On December 12 the German Empire proposed negotiations for peace, but as these were apparently to be founded upon the war-map as it then stood, and as they were accompanied by congratulatory messages about victory from the Kaiser to his troops, they were naturally not regarded as serious by the Allies. Our only guarantee that a nation will not make war whenever it likes is its knowledge that it cannot make peace when it likes, and this was the lesson which Germany was now to learn. By the unanimous decision of all the Allied nations no peace was possible which did not include terms which the Germans were still very far from considering—restitution of invaded countries, reparation for harm done, and adequate guarantees against similar unprovoked aggression in the future. Without these three conditions the War would indeed have been fought in vain.
This same month of December saw two of the great protagonists who had commenced the War retire from that stage upon which each had played a worthy part. The one was Mr. Asquith, who, weary from long labours, gave place to the fresh energy of Mr. Lloyd George. The other was "Father" Joffre, who bore upon his thick shoulders the whole weight of the early campaigns. Both names will live honourably in history.

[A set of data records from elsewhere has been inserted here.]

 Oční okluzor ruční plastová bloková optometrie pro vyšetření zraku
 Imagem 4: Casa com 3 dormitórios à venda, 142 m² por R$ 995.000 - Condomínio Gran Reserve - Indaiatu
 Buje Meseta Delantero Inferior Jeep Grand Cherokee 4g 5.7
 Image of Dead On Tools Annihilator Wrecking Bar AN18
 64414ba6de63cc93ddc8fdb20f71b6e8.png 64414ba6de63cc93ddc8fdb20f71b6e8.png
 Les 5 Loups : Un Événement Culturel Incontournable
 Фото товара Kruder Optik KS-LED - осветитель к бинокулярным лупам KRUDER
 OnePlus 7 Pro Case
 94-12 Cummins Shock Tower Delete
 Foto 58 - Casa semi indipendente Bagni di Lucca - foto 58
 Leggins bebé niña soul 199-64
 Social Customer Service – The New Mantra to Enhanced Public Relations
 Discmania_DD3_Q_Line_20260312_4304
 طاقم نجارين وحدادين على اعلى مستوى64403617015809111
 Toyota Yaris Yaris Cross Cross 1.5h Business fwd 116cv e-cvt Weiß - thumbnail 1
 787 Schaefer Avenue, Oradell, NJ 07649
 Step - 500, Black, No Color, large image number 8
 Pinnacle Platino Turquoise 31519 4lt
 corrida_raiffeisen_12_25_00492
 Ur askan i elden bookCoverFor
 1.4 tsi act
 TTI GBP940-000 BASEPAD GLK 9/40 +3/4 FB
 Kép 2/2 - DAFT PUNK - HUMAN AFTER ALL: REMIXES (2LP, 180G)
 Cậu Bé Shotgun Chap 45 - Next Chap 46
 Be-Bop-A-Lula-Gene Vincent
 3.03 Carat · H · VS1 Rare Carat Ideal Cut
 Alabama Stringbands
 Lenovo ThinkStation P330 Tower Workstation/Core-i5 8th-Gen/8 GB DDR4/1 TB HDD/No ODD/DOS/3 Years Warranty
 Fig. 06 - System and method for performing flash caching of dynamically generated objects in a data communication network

And now as the year drew to its close, Germany, wounded and weary, saw as she glared round her at her enemies, a portent which must have struck a chill to her heart. Russian strength had been discounted and that of France was no new thing. But whence came this apparition upon her Western flank—a host raised, as it seemed, from nowhere, and yet already bidding fair to be equal to her own? Her public were still ignorant and blind, bemused by the journals which had told them so long, and with such humorous detail, that the British army was a paper army, the creature of a dream. Treitschke's foolish phrase, "The unwarlike Islanders," still lingered pleasantly in their memory. But the rulers, the men who knew, what must have been their feelings as they gazed upon that stupendous array, that vision of doom, a hundred miles from wing to wing, gleaming with two million bayonets, canopied with aeroplanes, fringed with iron-clad motor monsters, and backed by an artillery which numbered its guns by the thousand? Kitchener lay deep in the Orkney waves, but truly his spirit was thundering at their gates. His brain it was who first planted these seeds, but how could they have grown had the tolerant, long-suffering British nation not been made ready for it by all those long years of Teutonic insult, the ravings of crazy professors, and the insults of unbalanced publicists? All of these had a part in raising that great host, but others, too, can claim their share: the baby-killers of Scarborough, the Zeppelin murderers, the submarine pirates, all the agents of ruthlessness. Among them they had put life and spirit into this avenging apparition, where even now it could be said that every man in the battle line had come there of his own free will. Years of folly and of crime were crying for a just retribution. The instrument was here and the hour was drawing on.